The fracking boom is over

Friday, November 28, 2014

Good afternoon:

I write today to advise everyone that the oil shale extraction business (i.e., fracking) is in deep trouble. The Saudis and OPEC have voted to maintain current production levels despite a glut. The price of Brent crude, which is the highest grade of oil, has dropped below $80 per barrel to $78.33 per barrel. OPEC’s decision to maintain production levels despite the glut assures that the price will continue dropping.

I mentioned the $80 per barrel price because fracking is expensive and the companies that frack cannot make a profit unless they can sell their oil for more than $80 per barrel. That is no longer possible.

Saudi Arabia and OPEC have started a price war to drive the frackers out of business by shutting down the oil shale market.

This means that the price of gas at the pump will continue to drop and it provides an opportunity for solar and wind to take hold.

Meanwhile, the outrage against Robert McCulloch’s blatant abuse of the grand jury continues to grow as prosecutors and defense counsel have joined to condemn the process. Even Nancy Grace jumped on the bandwagon.

I am pleased to see the pushback. For awhile seemed like I was the only one.

Hope y’all had a good Thanksgiving.

21 Responses to The fracking boom is over

  1. Deborah says:

    does all this mean the prices will go back up again if the US is unable to frack competitively?

    • MDX says:

      Probably.

      Resource extraction is a problem wherein the law of supply and demand applies well.

      The barrel price of oil is dictated by the market, each barrel sold has an extraction cost.

      Saudi oil fields are loaded with cheap to extract oil. However, the total supply of cheap to extract oil can no longer meet total world demand.

      Assume for arguments sake that their extraction cost is $30.

      Sure, they could flood the market and reap a short term profit when the price is $80. But doing that drives the price down and they end up selling their declining stocks of cheap the extract oil at a prices heading below $50.

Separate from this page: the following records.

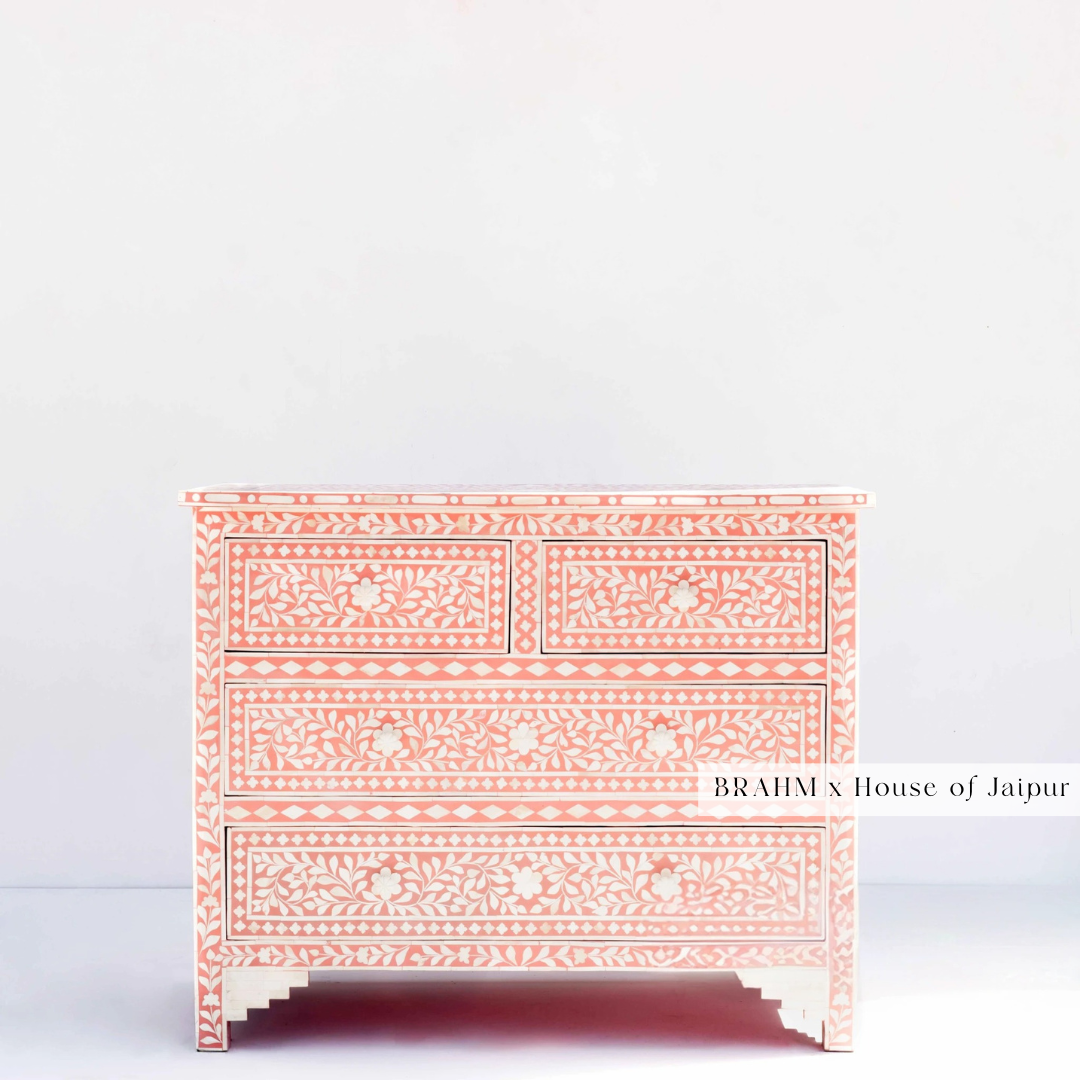 Floral Pink Bone Inlay Dresser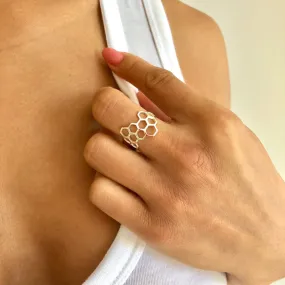 Silver Honeycomb Ring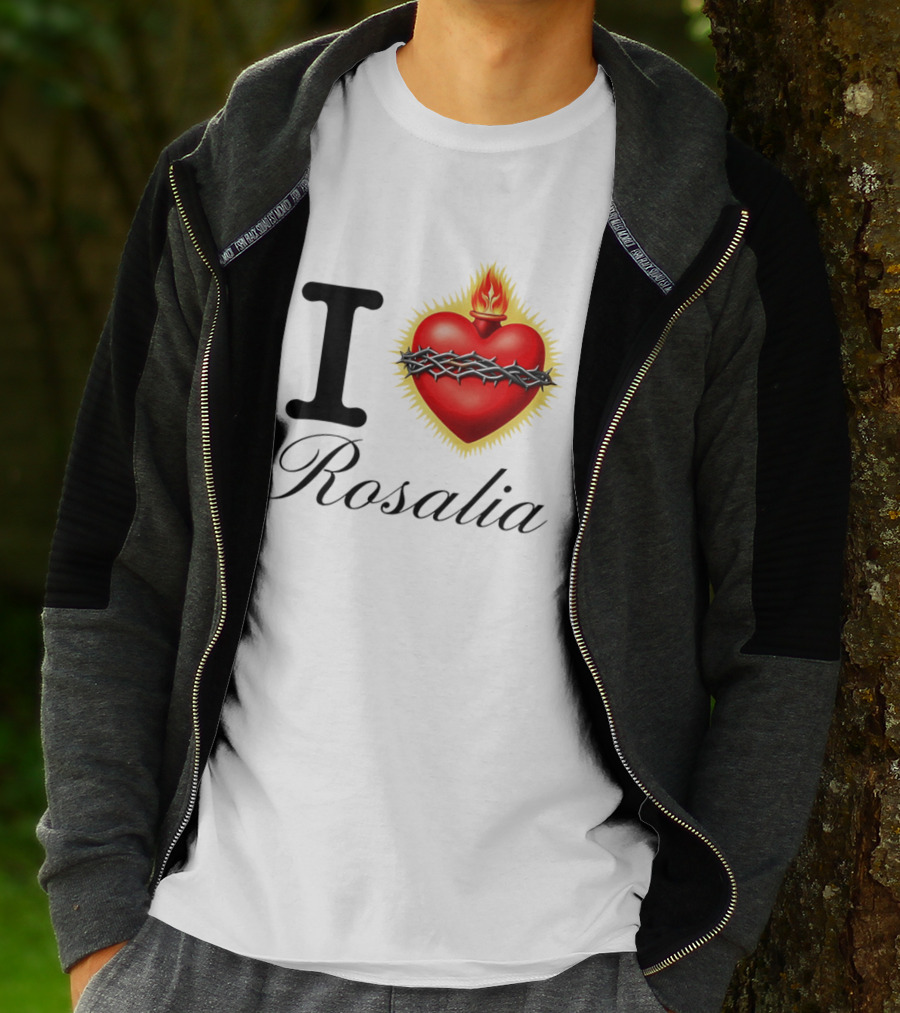 I Love Rosalia Sacred Heart Design With Crown Of Thorns And Flame T-Shirt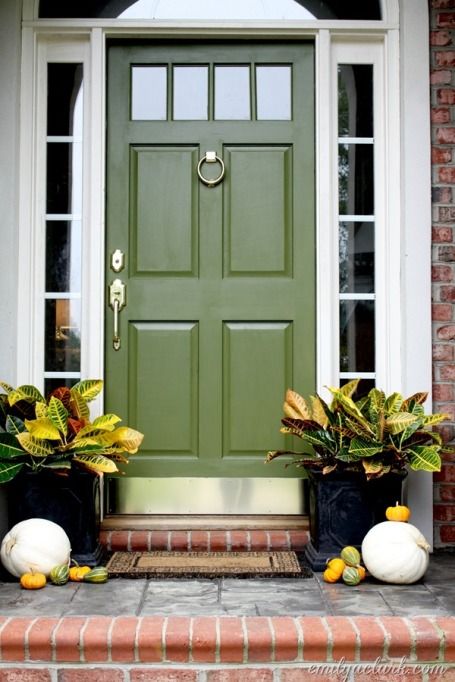 Green Front Door, Front Door Decal, Door Planter, Green Front Doors, Red Front Door, Door Colors, Door Paint Colors, House Door, Front Door Entrance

      Or they could control what they sell so that a lot of their stock gets sold at a high price over a long term.

      So what we have is a whip saw effect. The price of oil goes up to support selling hard to extract oil and the cheap to extract producers take a short term profit and the price back down till they decide to cut output.

      It is a tough business with a lot of Vegas bluffing going on.

      I remember when the paid liars in the press were loudly proclaiming that oil was running out and it would never be under $100 per barrel again. Soon thereafter, there was a small article in financial news that the Mexican Government had locked in a long term futures contract at $130 per barrel, After this news, the bubble burst.

      • Deborah says:

        Thanks for responding MDX. I remember hearing oil was running out and prices remained high for so long I never expected them to fall. Now let me see if I understand right: The lowering in prices is attributable to fracking so capitalism is running rampant with everyone trying to undercut the prices of the fracking companies to continue access to the valuable US market. Meanwhile the fracking companies are realizing that they are the ones who will suffer in the long run, if prices continue to fall. Such a tangled web…

        • MDX says:

          Not quite.

          Oil becomes plentiful, if the barrel price can stay above $80, long term. However, there is still a large amount of cheaper to extract oil that can be sold below $80. So there is a temptation on the part of those who hold a lot of cheap to extract oil to temporarily flood the market to take advantage of the high price to maximize profit. So the frakkers shut down and, because cheap to extract oil can not meet total world demand, the price goes back up.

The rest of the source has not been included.